SICUREZZA E TUTELA - Obblighi del dirigente scolastico e dei lavoratori

Misure generali di tutela - art. 3 DLgs 626/94 e successive modificazioni
Le misure generali per la protezione della salute e per la sicurezza dei lavoratori sono:
a) valutazione dei rischi per la salute e la sicurezza;
b) eliminazione dei rischi in relazione alle conoscenze acquisite in base al progresso tecnico e, ove ciò non è possibile, loro riduzione al minimo;
c) riduzione dei rischi alla fonte;
d) programmazione della prevenzione mirando ad un complesso che integra in modo coerente nella prevenzione le condizioni tecniche produttive ed organizzative dell'azienda nonché l'influenza dei fattori dell'ambiente di lavoro;
e) sostituzione di ciò che è pericoloso con ciò che non lo è, o è meno pericoloso;
f) rispetto dei principi ergonomici nella concezione dei posti di lavoro, nella scelta delle attrezzature e nella definizione dei metodi di lavoro e produzione, anche per attenuare il lavoro monotono e quello ripetitivo;
g) priorità delle misure di protezione collettiva rispetto alle misure di protezione individuale;
h) limitazione al minimo del numero dei lavoratori che sono, o che possono essere, esposti al rischio;
i) utilizzo limitato degli agenti chimici, fisici e biologici, sui luoghi di lavoro;
l) controllo sanitario dei lavoratori in funzione dei rischi specifici;
m) allontanamento del lavoratore dall'esposizione a rischio, per motivi sanitari inerenti la sua persona;
n) misure igieniche;
o) misure di protezione collettiva ed individuale;
p) misure di emergenza da attuare in caso di pronto soccorso, di lotta antincendio, di evacuazione dei lavoratori e di pericolo grave ed immediato;
q) uso di segnali di avvertimento e di sicurezza;
r) regolare manutenzione di ambienti, attrezzature, macchine ed impianti, con particolare riguardo ai dispositivi di sicurezza in conformità alla indicazione dei fabbricanti;
s) informazione, formazione, consultazione e partecipazione dei lavoratori ovvero dei loro rappresentanti, sulle questioni riguardanti la sicurezza e la salute sul luogo di lavoro;
t) istruzioni adeguate ai lavoratori.
Le misure relative alla sicurezza, all'igiene ed alla salute durante il lavoro non devono in nessun caso comportare oneri finanziari per i lavoratori.

Obblighi del dirigente scolastico - artt. 4, 10, 32, 36, 37, 38 DLgs 626/94 e successive modificazioni
Il dirigente scolastico, in relazione alla natura dell'attività, valuta, nella scelta delle attrezzature di lavoro e delle sostanze o dei preparati chimici impiegati, nonché nella sistemazione dei luoghi di lavoro, i rischi per la sicurezza e per la salute dei lavoratori, ivi compresi quelli riguardanti i gruppi di lavoratori esposti a rischi particolari.
All'esito di questa valutazione, il dirigente scolastico elabora un documento contenente:
a) una relazione sulla valutazione dei rischi per la sicurezza e la salute durante il lavoro, nella quale sono specificati i criteri adottati per la valutazione stessa;
b) l'individuazione delle misure di prevenzione e di protezione e dei dispositivi di protezione individuale, conseguente alla valutazione di cui alla lettera a);
c) il programma delle misure ritenute opportune per garantire il miglioramento nel tempo dei livelli di sicurezza.
Il documento è custodito presso la scuola.
Il dirigente scolastico:
- designa il responsabile e gli addetti del servizio di prevenzione e protezione interno o, se la capacità dei dipendenti interni sono insufficienti, può far ricorso a persone o servizi esterni (nelle scuole con meno di 200 addetti), previa consultazione del rappresentante per la sicurezza (art. 8 DLgs 626/94).

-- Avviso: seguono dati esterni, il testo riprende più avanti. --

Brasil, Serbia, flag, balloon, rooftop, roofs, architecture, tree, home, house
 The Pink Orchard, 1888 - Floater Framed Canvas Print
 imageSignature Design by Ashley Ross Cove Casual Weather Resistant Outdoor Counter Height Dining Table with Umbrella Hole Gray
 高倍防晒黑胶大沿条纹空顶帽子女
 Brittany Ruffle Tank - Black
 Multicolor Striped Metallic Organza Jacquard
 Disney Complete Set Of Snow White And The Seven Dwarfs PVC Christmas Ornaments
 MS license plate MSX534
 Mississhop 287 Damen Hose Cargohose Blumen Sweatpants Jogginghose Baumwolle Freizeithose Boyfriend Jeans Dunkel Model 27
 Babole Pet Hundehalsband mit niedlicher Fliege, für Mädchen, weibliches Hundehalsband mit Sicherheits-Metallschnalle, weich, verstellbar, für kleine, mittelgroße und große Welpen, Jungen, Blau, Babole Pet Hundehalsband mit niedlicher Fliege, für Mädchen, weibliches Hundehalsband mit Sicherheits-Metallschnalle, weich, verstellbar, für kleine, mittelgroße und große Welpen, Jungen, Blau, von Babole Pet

Le capacità ed i requisiti professionali dei responsabili e degli addetti ai servizi di prevenzione e protezione interni o esterni devono essere adeguati alla natura dei rischi presenti sul luogo di lavoro e relativi alle attività lavorative (titolo di studio non inferiore al diploma di istruzione secondaria superiore e corsi di formazione, come previsto dal DLgs 195/2003);
- nomina il medico competente, nei casi previsti dalla normativa, “come, a titolo esemplificativo, nella tabella allegata all'art. 33 del Dpr 303/56, nel DLgs 277/91 ovvero nei titoli V, VI, VII ed VIII del DLgs 626/94 … laddove - opportunamente effettuata la valutazione del rischio - ricorrano effettivamente attività pericolose, come in quelle tipologie di Istituzioni scolastiche il cui personale ed allievi, per il tempo dedicato alle rispettive esercitazioni didattiche, facciano uso di laboratori, apparecchi, macchine, attrezzature di lavoro od agenti chimici comportanti obbiettivi elementi di rischio per la loro salute” (Nota 14/5/2002).
Il dirigente scolastico può svolgere direttamente i compiti propri del servizio di prevenzione e protezione dai rischi nonché di prevenzione incendi e di evacuazione, nelle scuole con meno di 200 addetti, dandone preventiva informazione al rappresentante dei lavoratori per la sicurezza ed alle condizioni di frequentare apposito corso di formazione in materia di sicurezza e salute sul luogo di lavoro.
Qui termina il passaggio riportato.